═════ Collected material

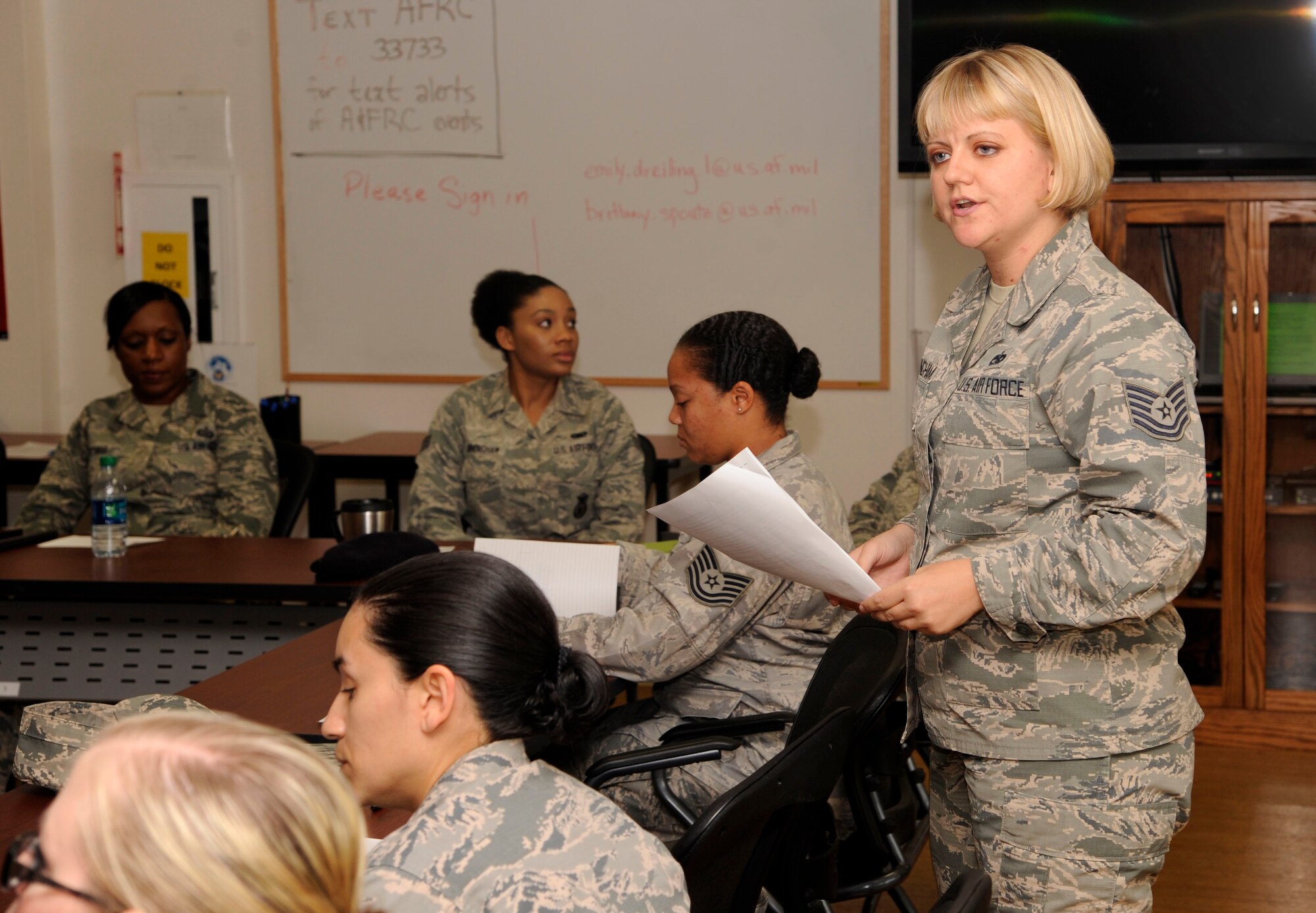 Tech. Sgt. Jennifer Cunningham, 30th Force Support Squadron Airman Leadership School instructor, speaks during the Mentorship Connection, Nov. 19, 2014, Vandenberg Air Force Base, Calif. The Mentor Connection is a group created to start a focused conversation on how to approach unique challenges as women in the military. (U.S. Air Force photo by Staff Sgt. Jim Araos/Released)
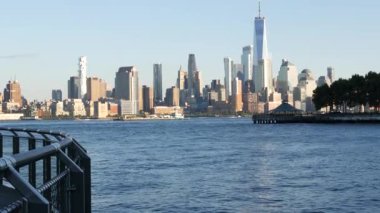 New York City Manhattan Şehir Merkezi Finans Bölgesi ufuk çizgisi New Jersey 'den Dünya Ticaret Merkezi Kulesi Hoboken İskelesi, Amerika Birleşik Devletleri. Nehir kıyısı şehir manzarası ve gökdelen binası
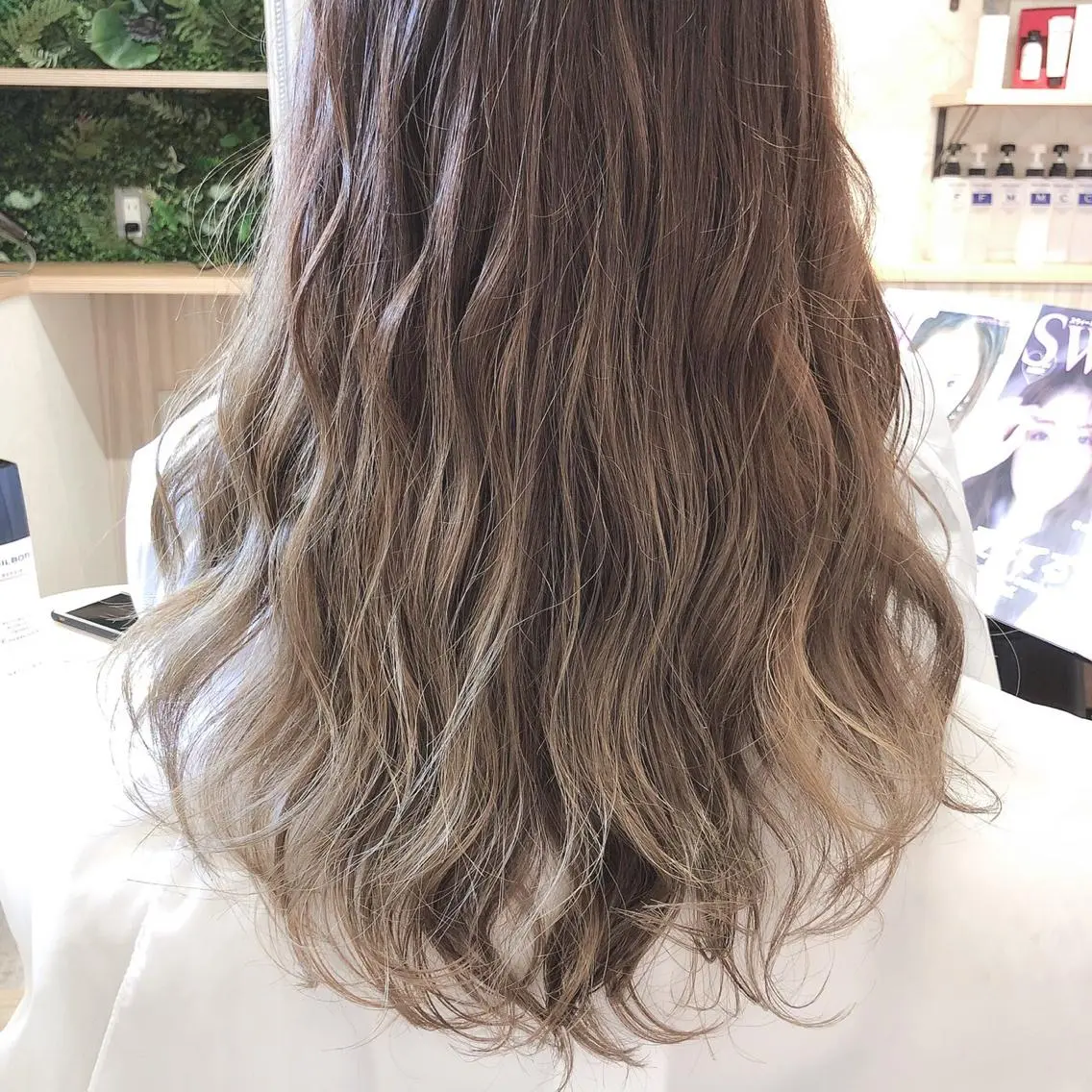 セミロング カラー アディクシーカラー イルミナカラー くせ毛 髪質改善 縮毛矯正 tuuli トゥーリのヘアスタイル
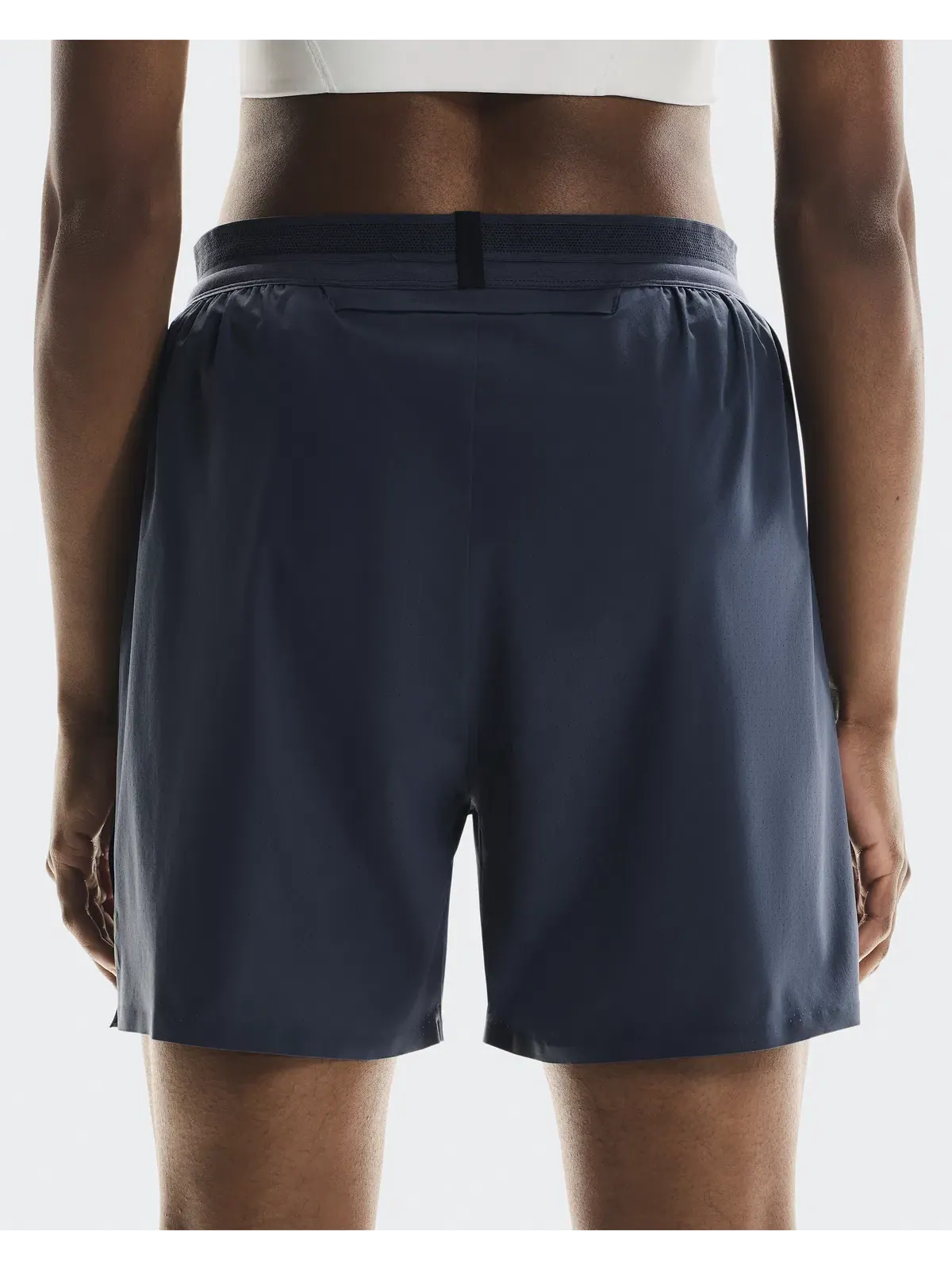Женские спортивные шорты для бега с эластичным поясом 5" Performance Shorts On Navy — 6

══════════

Print the material above exactly as it appears, but not its pictures.

 Tech. Sgt. Jennifer Cunningham, 30th Force Support Squadron Airman Leadership School instructor, speaks during the Mentorship Connection, Nov. 19, 2014, Vandenberg Air Force Base, Calif. The Mentor Connection is a group created to start a focused conversation on how to approach unique challenges as women in the military. (U.S. Air Force photo by Staff Sgt. Jim Araos/Released)
 New York City Manhattan Şehir Merkezi Finans Bölgesi ufuk çizgisi New Jersey 'den Dünya Ticaret Merkezi Kulesi Hoboken İskelesi, Amerika Birleşik Devletleri. Nehir kıyısı şehir manzarası ve gökdelen binası
 セミロング カラー アディクシーカラー イルミナカラー くせ毛 髪質改善 縮毛矯正 tuuli トゥーリのヘアスタイル
Женские спортивные шорты для бега с эластичным поясом 5" Performance Shorts On Navy — 6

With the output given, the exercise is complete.